THE DATA
________

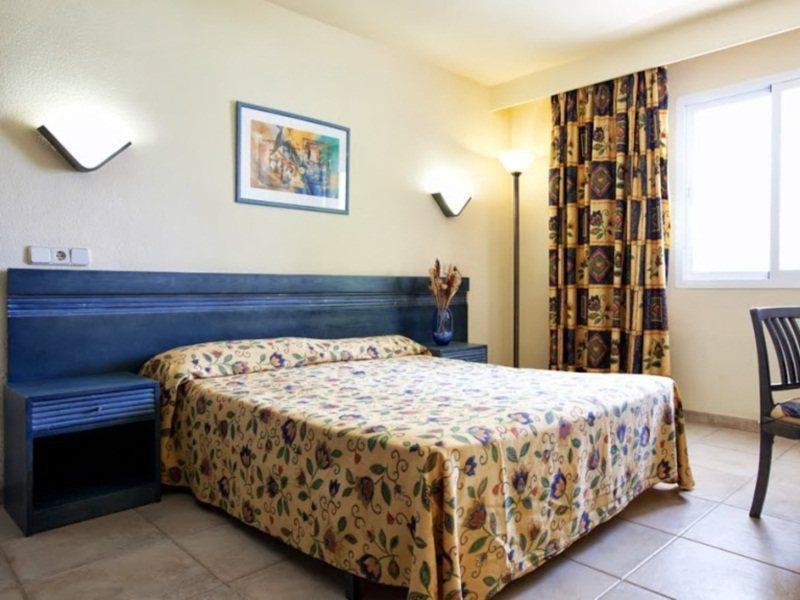 Aluasun Continental Park & 4* Playa de Muro (Mallorca)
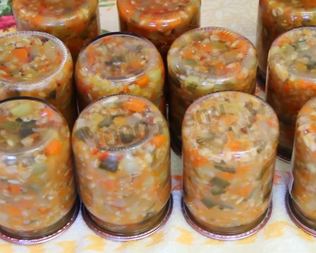 Рассольник на зиму с помидорами и огурцами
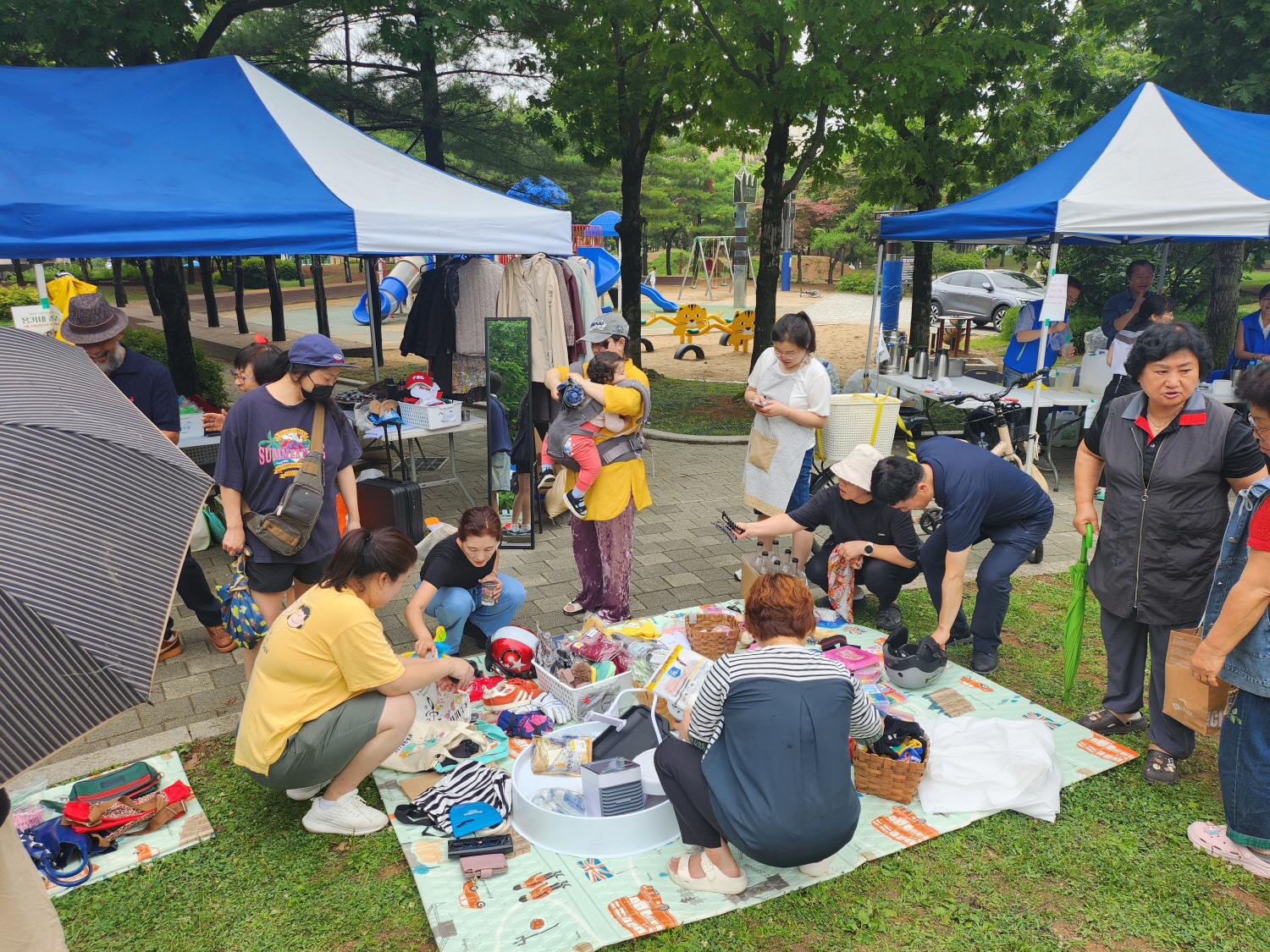 안산시 일동 주민자치회,‘용기내 공유장터’성황리에 개최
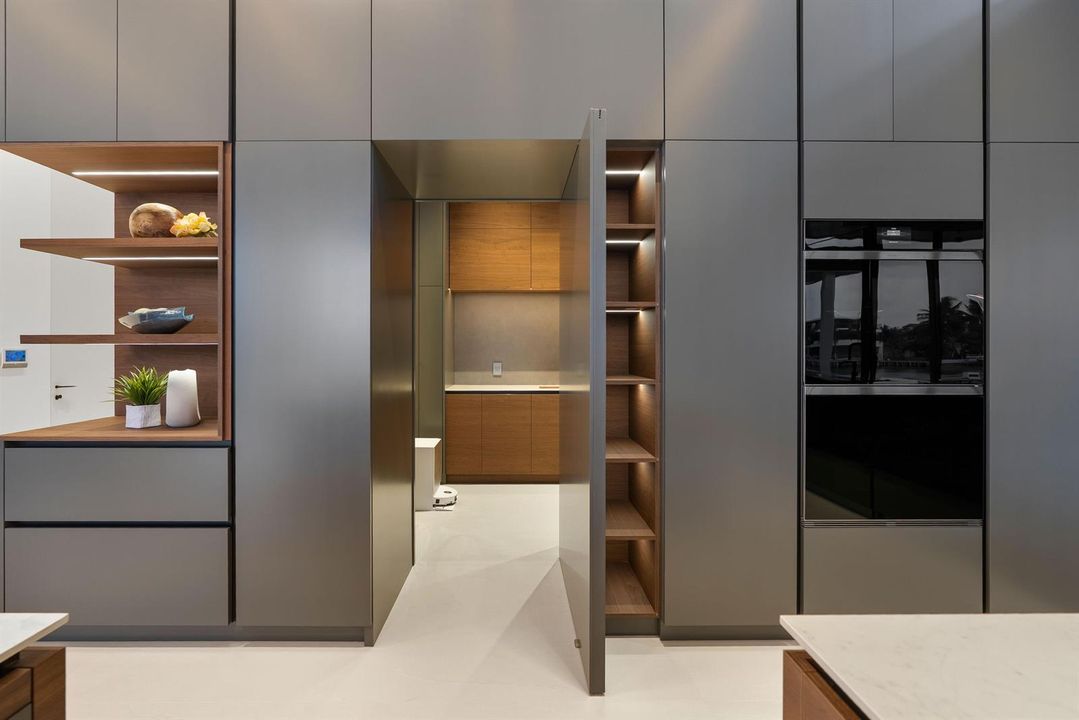 pantry4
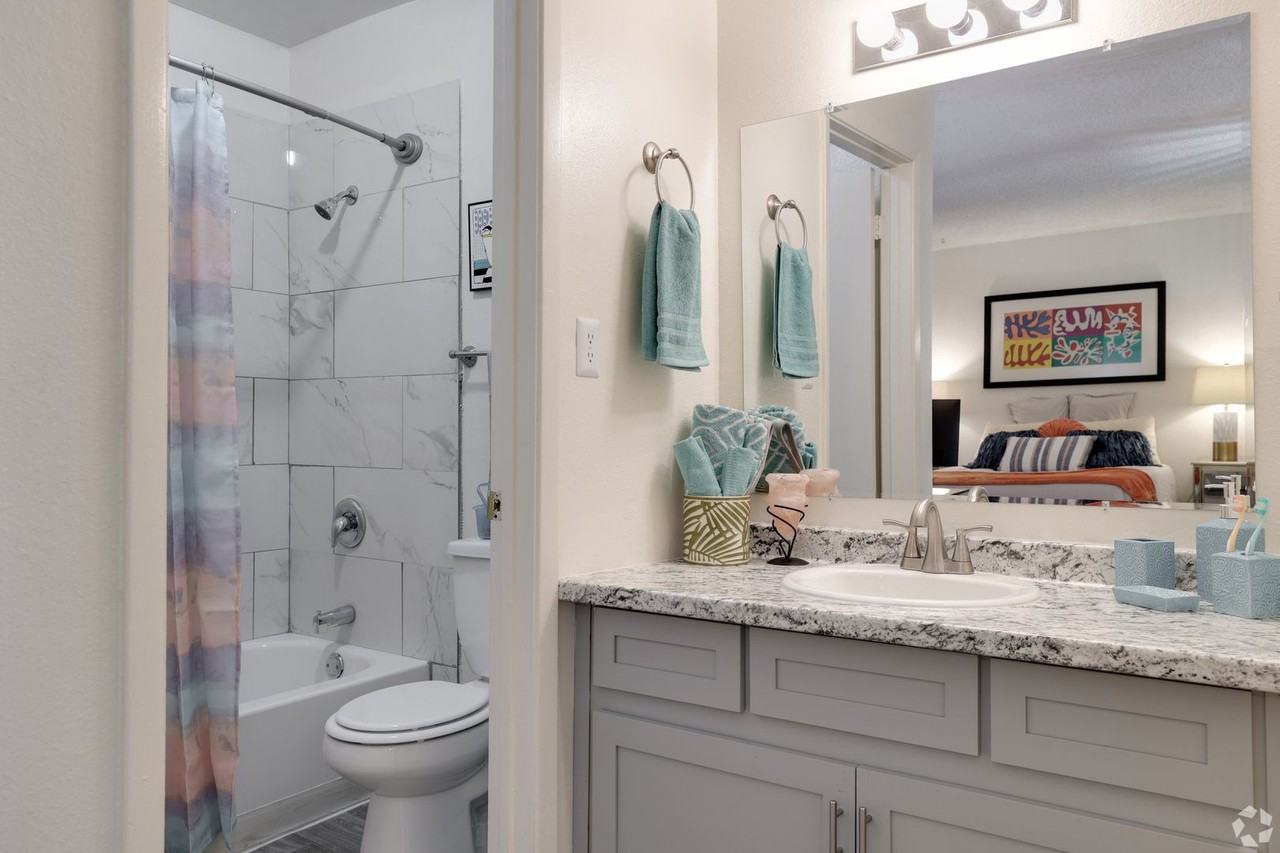 San Jose Manor - Photo 4 of 14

________

Retype the whole of the data verbatim. Skip every picture.

 Aluasun Continental Park & 4* Playa de Muro (Mallorca)
 Рассольник на зиму с помидорами и огурцами
 안산시 일동 주민자치회,‘용기내 공유장터’성황리에 개최
 pantry4
 San Jose Manor - Photo 4 of 14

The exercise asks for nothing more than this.